As someone whose last 8 years of professional work have been largely split betwe...

thecoffman · on Sept 7, 2013

Interesting - I found the lambda syntax of LINQ to be quite "Ruby like"

  someList.FindAll(i => i < 2)
    .Select(i => i * 2)
    .GroupBy(i => (i % 2) == 0 ? "even" : "odd")

Is about as close to Ruby's Enumerable as I've found in a mainstream/enterprise language (unless you include Scala).

icambron · on Sept 7, 2013

Yeah, I mostly of agree with that and sort of said so in my post. Not sure it has much impact on my central point though.

One really key difference with LINQ is that it doesn't produce arrays (or dictionaries, as in your example); it produces Enumerators, which you then have to do call toList() or toDictionary() on. That laziness is actually an awesome feature and my favorite thing about LINQ, because it can massively improve performance by shortcutting work and not creating intermediate arrays. You can even work on infinite sequences with it. Besides performance, it's just tastier. It's so great I actually wrote a Ruby library to imitate it: https://github.com/icambron/lazer

VexXtreme · on Sept 7, 2013

Is LINQ really fast/performant though? Wouldn't the above expression cause three sequential loops to run?
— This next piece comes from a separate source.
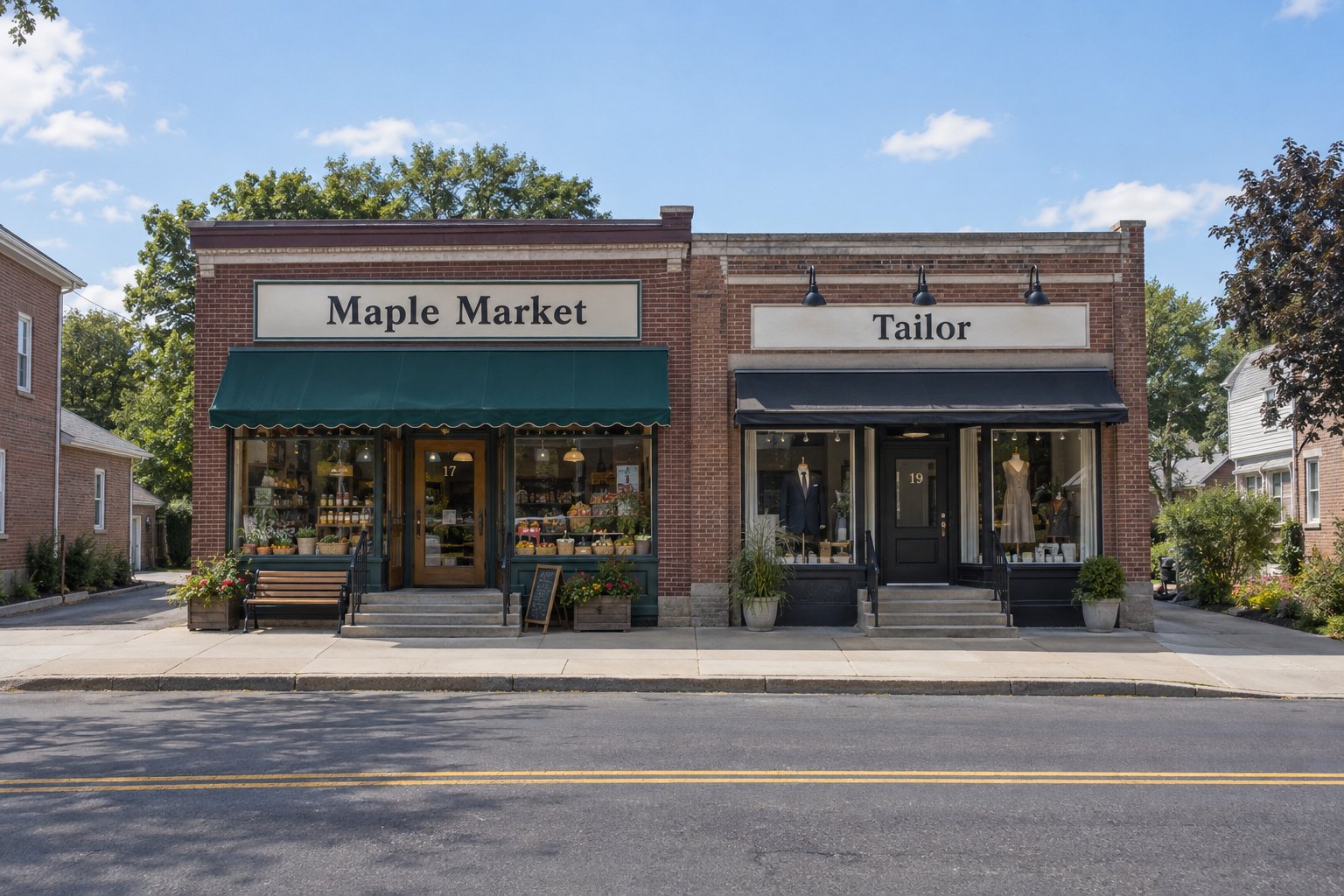 Two complete low brick shops with functional fictional Maple Market and Tailor signs, entry steps and a clear sidewalk.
One of the biggest performance issues I've seen with modern .NET code is people abusing LINQ and lambdas. Chaining functions like this is most decidedly not fast. I once wrote a library that had do do some heavy signal processing on large data sets, and since I wanted to ship the first version as soon as possible, I just used LINQ in a lot of functions to save time. It wasn't very performant so later I rewrote most of the functions to use standard native code such as loops for iteration, hashmaps for caching and all sorts of improvements like that. I completely got rid of LINQ in that version and for many functions the runtime went down from something like 500ms-1000ms to microsecond area.

So sure, LINQ makes development fast and it's very nice to be able to write code such as .Skip(10).Take(50).Where(x => ...). On most web projects, it won't make a huge difference. I've seen Rails "developers" use ActiveRecord in such a way that they would create double and triple nested loops and then hit the database multiple times by using enumerable functions on ActiveRecord objects without realizing how this works, what's going on behind the curtains and so on. I've seen .NET devs do similar things using EntityFramework.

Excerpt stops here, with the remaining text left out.